We besluiten een dagje naar Pisa te gaan met de trein. Dit is de rij voor de kaartjes automaat, die om de hoek staat. Als het aan mij lag hadden we al lang opgegeven, maar Paula zette door. Na ca. 1,5 uur hebben we onze kaartjes en kunnen op de trein gaan wachten die ook nog eens 25 minuten te laat komt (zucht).

Na nog ruim een uur treinen zijn we er dan. Het is er wel mooi!

Drab rivier. Extra drab door de heftige buien van eergisteren denk ik.

Ja, hij staat echt heel scheef.

Tja, wat zijn we hier aan het doen?

Nou, vergelijk de voor en na foto’s maar eens goed met elkaar. Het heeft echt geholpen!

Don’t walk on the gras.

Shit, je bent de poort nog niet uit of hij is al weer scheef gezakt!

Er zijn nog meer mooie gebouwen in Pisa.

Op de terugweg in de trein zien we waar de zonnebloemolie vandaan komt.

Yes!!! Na jaren hebben we eindelijk weer eens een vis gevangen. Helaas in het waterfilter van de bakboord motor. En hij zit helemaal klem in de inlaat van het filter. We zijn wel een kwartier aan het prutsen voor hij er in stukjes uit komt. Arme vis!

Na het vis incident gaan we op pad. Bijna geen wind wel flinke golven. We kunnen zo nu en dan een stukje op de code-0 zeilen (het grootzeil klapt teveel in deze omstandigheden), maar motoren het meeste vandaag.

Zo, ons noordelijkste punt voor dit jaar is bereikt. 44.20.78 N. Zo noordelijk zijn we in geen jaren geweest! S. Margherita Ligure. Rapallo is nog iets noordelijker, maar daar mag niet meer geankerd worden sinds de hele jachthaven en ankerbaai afgelopen winter is weggeblazen.
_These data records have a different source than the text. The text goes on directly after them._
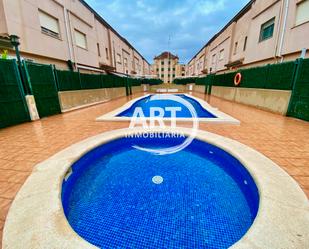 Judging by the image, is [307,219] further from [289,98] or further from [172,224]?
[289,98]

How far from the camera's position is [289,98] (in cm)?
582

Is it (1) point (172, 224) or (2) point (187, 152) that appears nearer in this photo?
(1) point (172, 224)

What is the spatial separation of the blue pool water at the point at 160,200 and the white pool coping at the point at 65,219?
26 cm

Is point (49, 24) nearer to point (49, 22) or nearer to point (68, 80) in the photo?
point (49, 22)

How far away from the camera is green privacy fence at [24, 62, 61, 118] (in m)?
5.57

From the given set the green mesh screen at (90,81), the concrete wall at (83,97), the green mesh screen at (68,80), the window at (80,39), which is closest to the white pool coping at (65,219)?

Zoek maar eens op Rapallo storm op Youtube en huiver.

Het lijkt een heel mooi stadje en als we de volgende morgen op de kant gaan rondkijken zien we deze prachtig onderhouden oude gebouwen.

Van dichtbij zien die muren er zo uit. Helemaal vlak en helemaal geen ornamenten en zo. Alles is erop geverfd. De hele stad is zo gedaan en het is schitterend.

Na ons verbaasd te hebben over het schitterende verfwerk in deze stad gaan we verder naar het zuid-westen. Er is wind!

Dan is de maand al weer om. De helft van dit zomerseizoen ook al weer. Het gaat erg snel vind ik. En we hebben nog heel wat mijlen te gaan dit seizoen. Op naar Frankrijk dus maar.
Eind augustus zullen we de volgende blog plaatsen.